I replied as follows:

unformed youths“: Young people are still willing to learn. Their minds have not taken on a rigid form. These are the sorts of people who can be more easily misled.

religion bred selfishness“: Toohey wants people not to care about their own souls/minds/selves. Religion is an effort (however misguided) to perfect oneself so that one can deserve god’s favour/bounty/reward. Toohey wants people not to seek a personal reward, hence not to seek any god’s good graces.

Give your soul“: Same as the above. Toohey wants nobody to do what is good for himself. He wants the ejection of any moral conviction in which a person seeks to do what is (allegedly) good for himself. Moreover, he wants nobody to take any pride in being a good individual.

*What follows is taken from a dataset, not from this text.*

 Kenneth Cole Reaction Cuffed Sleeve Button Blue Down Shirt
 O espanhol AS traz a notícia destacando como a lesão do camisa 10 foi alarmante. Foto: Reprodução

the destruction of one’s soul“: Soul = mind. Mind and body together, as one = self. Toohey wants not just the sacrifice of one’s body and property but of one’s capacity to think and choose (i.e., of one’s mind/soul). So long as you do not sacrifice your mind, you are an individual and, for Toohey, that’s a problem

He did not have much success among the poor boys working there way through college“: because they – by working – knew that there’s no such thing as a free lunch. One must produce the values that one trades for other values, such as education.

He acquired a sizeable following among the young heirs“: because they did not have to earn their material wealth. They *effortlessly* could sacrifice large chunks of their wealth to others in order to obtain the outward appearance of moral superiority (as judged by the size of one’s sacrifices). In other words, they could obtain the appearance of virtue without actually earning it *if* they adopted Toohey’s collectivist ethics.

found him to be a spiritual necessity“: because, without Toohey’s knack at convincing people that sacrifice of the self is good, the “right kind” of people could not get the spiritual values (e.g., respect, admiration, love) they needed/craved but were unwilling to *earn*. They needed someone who essentially convinced people that to sacrifice of oneself (instead of to produce/make oneself a value) *is* to earn.

without a plot” / “without a hero“: Such novels tell one what IS, without involving one’s mind in any thought about what one OUGHT to do. Such novels, in other words, sever FACT from VALUE. Nothing, in such novels, is good or evil; nothing is better or worse. Everything just is. Such novels imply that there is no good/evil; that there is no better/worse and, if one is doing lots of things that are evil by an Objective moral code, it is comforting to be told that there is no such thing as evil.